Musica, sano divertimento e un mucchio di roba sulla quale riflettere in futuro. Nel 1964 esce il singolo El portava i scarp del tennis, che è parte del suo primo ellepì quasi tutto in dialetto. Tra le dodici tracce Ma Mi di Giorgio Strehler e Fiorenzo Carpi. Alla fine collezionerà quasi trenta album e una serie infinita di collaborazioni: da Guccini a Vecchioni, da Baglioni a Mia Martini, da Milva a Vasco Rossi. Fino al figlio Paolo. Scrive per Mina e De Gregori e interpreta canzoni di Sandro Ciotti e del poeta brasiliano Cassiano Riccardo, come l’indimenticabile – capolavoro d’avanguardia-pop – Giovanni telegrafista contenuta in un 33 del 1968 e lato B del 45 Vengo anch’io. No, tu no. Un successone: primo genuino tormentone italico, per di più canzone sessantottesca doc, che celebrava a suo modo gli “esclusi”, oltretutto censurata dalla Rai democristiana per alcuni evidenti riferimenti politici. Successone al pari di altri brani: Mexico e nuvole del 1970 firmata Pallavicini-Virano-Conte, e Ho visto un re sempre del 1968, cantata con Dario Fo e bocciata dalla Tv conformista dell’epoca, cioè da Canzonissima. Per Jannacci la televisione è la continuazione con mezzi non del tutto dissimili del cabaret. Diverte e si diverte. Prima autore di spot per “Carosello” insieme a Bruno Bozzetto, poi con Cochi e Renato progetta Quelli della domenica, Il buono e il cattivo e Il poeta e il contadino (che lancia un altro tormentone: La canzone intelligente). Una Tv per artisti a tutto tondo (ma col vizio della censura). Con i due ragazzacci padani scrive nel 1974 la sigla della stessa “Canzonissima” E la vita, la vita e poi La gallina (non è un animale intelligente) e L’uselin de la commare. L’anno dopo pesca il coniglio dal cilindro Quelli che… poesia surreale targata Beppe Viola, regina dei tormentoni di gran classe (spiazzante e geniale), campionario di spropositi e stravaganze made in Italy. Rilanciata anni dopo come sigla del programma calcistico domenicale condotto da Fabio Fazio (adesso da Victoria Cabello). Jannacci era tifosissimo del Milan e di Gianni Rivera come si sa.
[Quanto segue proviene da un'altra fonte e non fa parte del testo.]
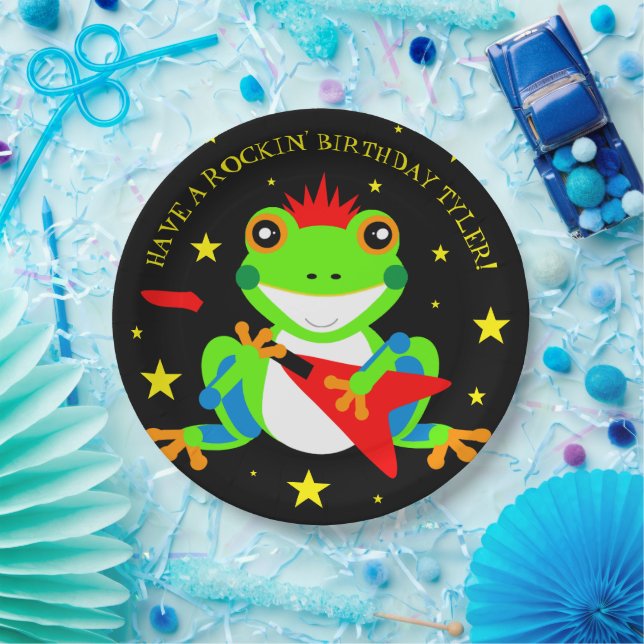 Rockin' Birthday Tree Frog with Red Guitar Paper Plate (Party)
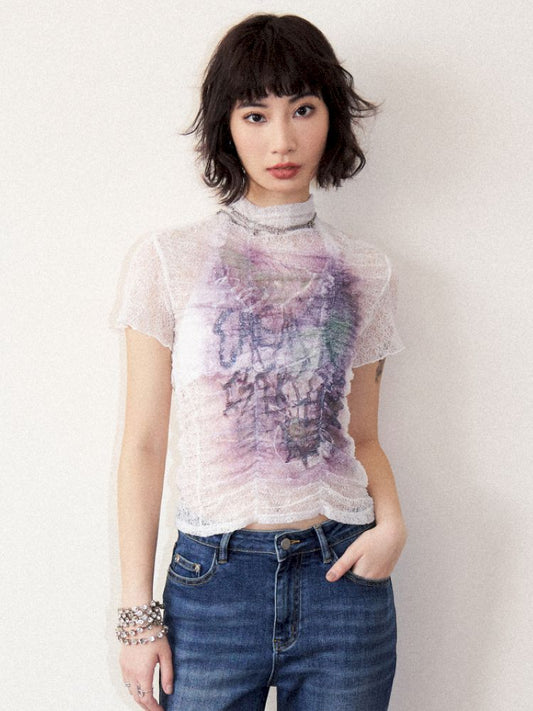 Slim short-sleeved printed tops【s0000012272】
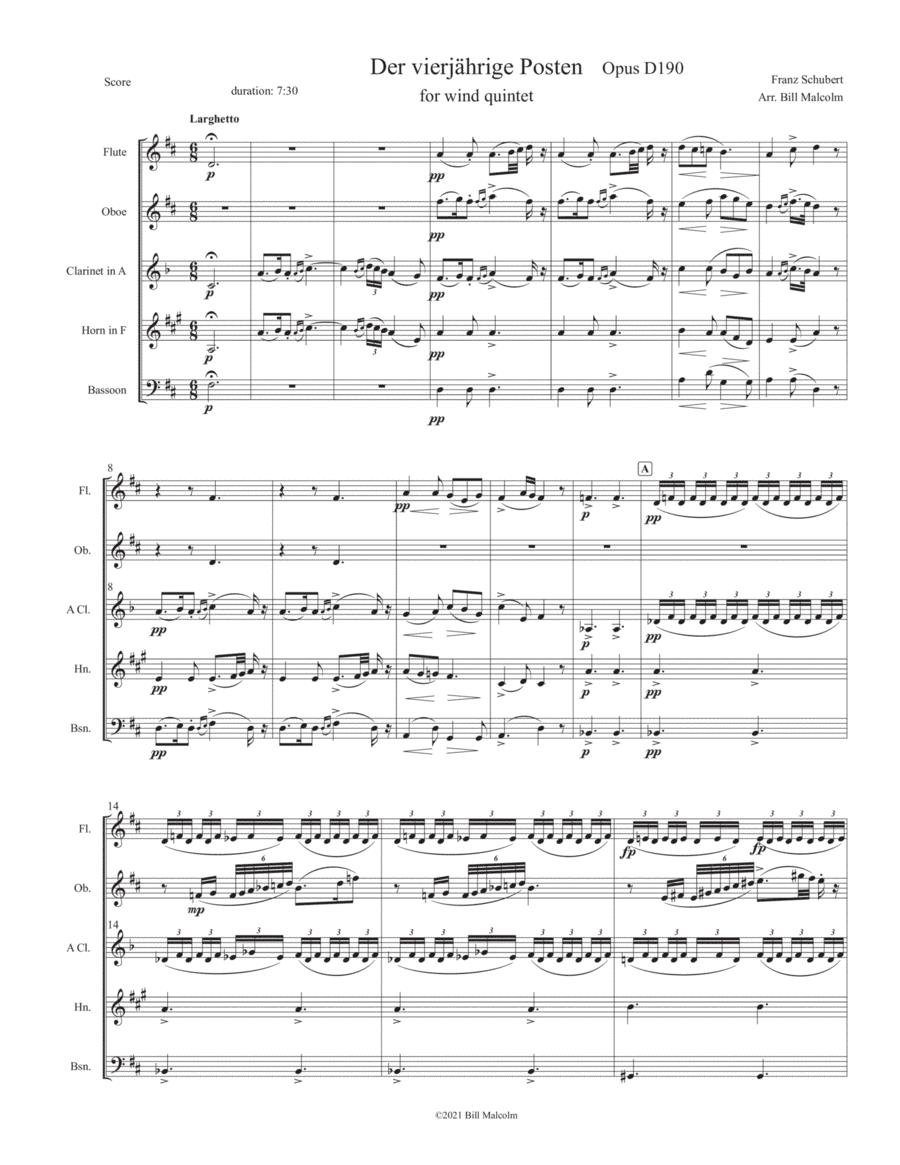 Der vierjährige Posten for wind quintet (arr. Bill Malcolm)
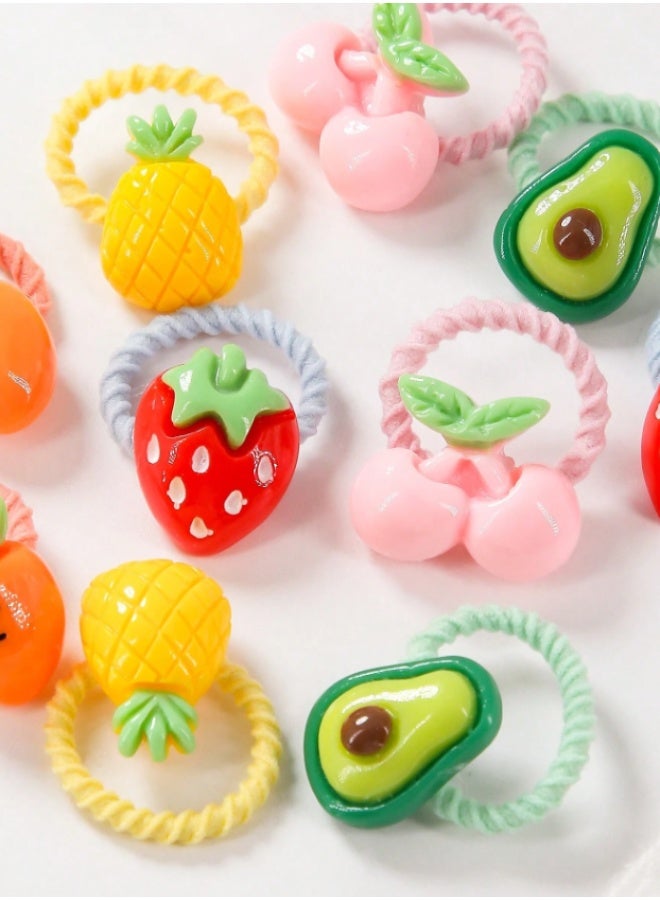Kids Fruit Hair Ties Set – Cute Strawberry, Cherry, Pineapple & Avocado Elastic Bands for Girls, Soft No-Damage Baby Ponytail Holders (10 pcs) - Image 4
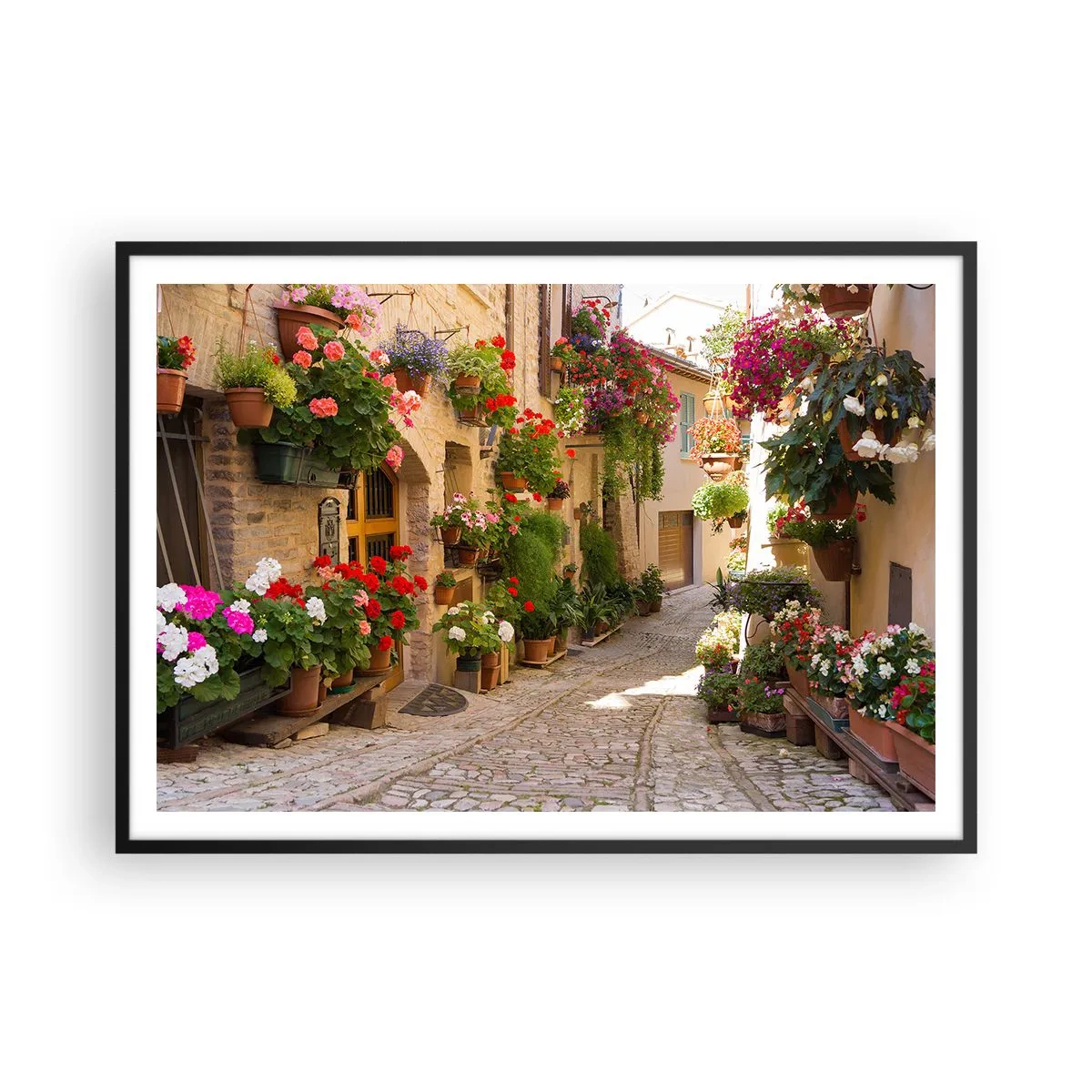 Affiche dans un cadre noir - Poster - Une rue avec des pots de fleurs et des murs de pierre - 100x70cm - Une inondation de fleurs  - Décoration murale moderne pour le salon et la chambre ARTTOR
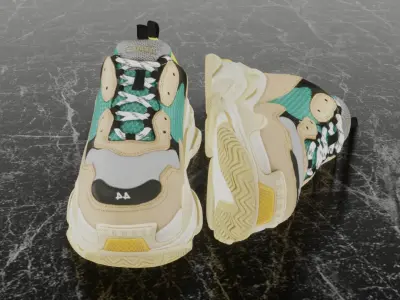 BALENCIAGA TRIPLE S TRAINERS 3D SHOES Low-poly 3D model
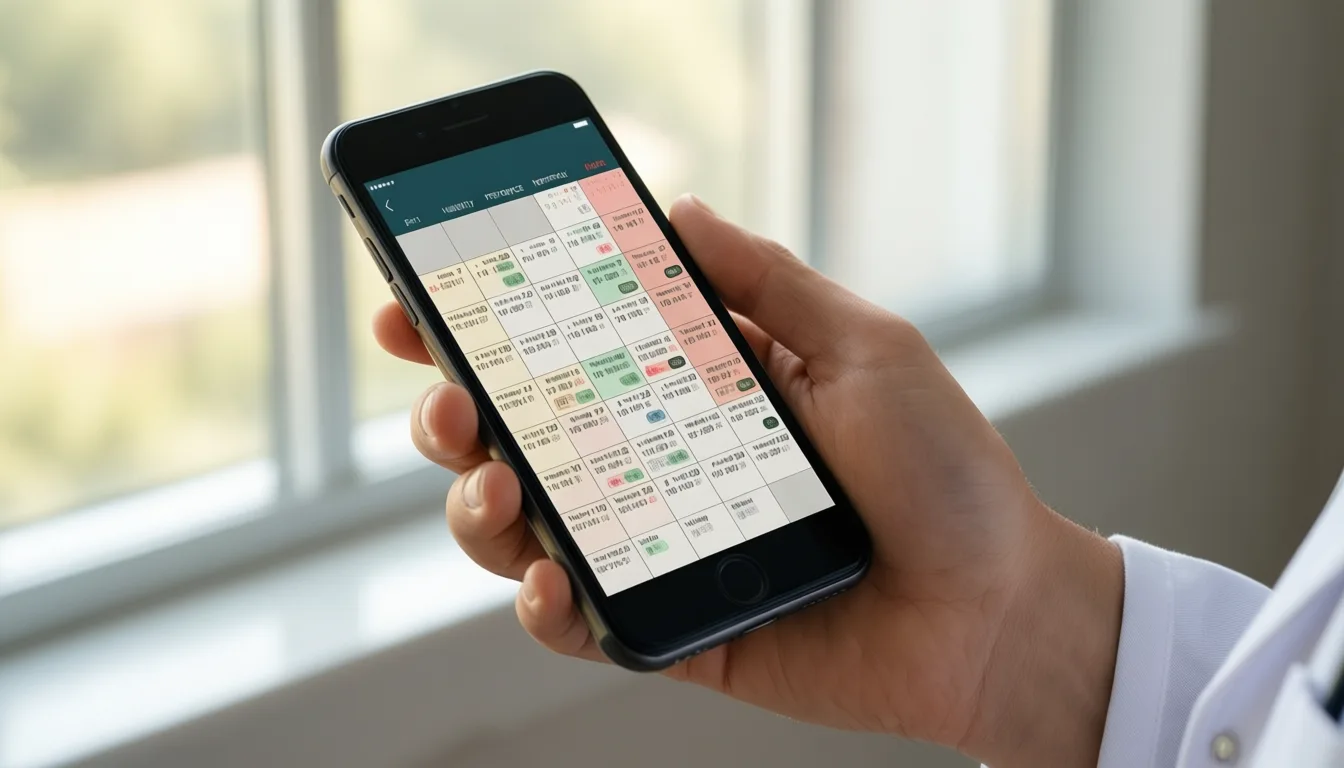 A hand holding a phone displaying a packed calendar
Dopo una pausa di qualche anno, il successo televisivo riprende alla fine degli Ottanta. All’inizio del decennio è uscito l’undicesimo album: Ci vuole orecchio. Nel 1991 RaiTre trasmetterà uno speciale in otto puntate. L’anno prima ha inciso Trent’anni senza andare fuori tempo. Raccolta dal vivo che comprende tra le altre Silvano, Se me lo dicevi prima, Una fetta di limone, Veronica. Un campionario di umanità mixato alla voglia di divertirsi col semplice niente. A metà del decennio collaborerà con un altro monellaccio, Piero Chiambretti, ancora con Cochi e Renato, con Fazio e si affaccerà a Zelig. Nel 2012 un’apparizione con Enrico Intra e Franco Cerri. Infine in Tv con Fazio e il figlio Paolo. Se ne è andato da cristiano. Schivo, restio a parlare di sé, fino a qualche anno fa nessuno si era posto il problema della sua fede. Ma lui era un artista, non un tipo da salotto.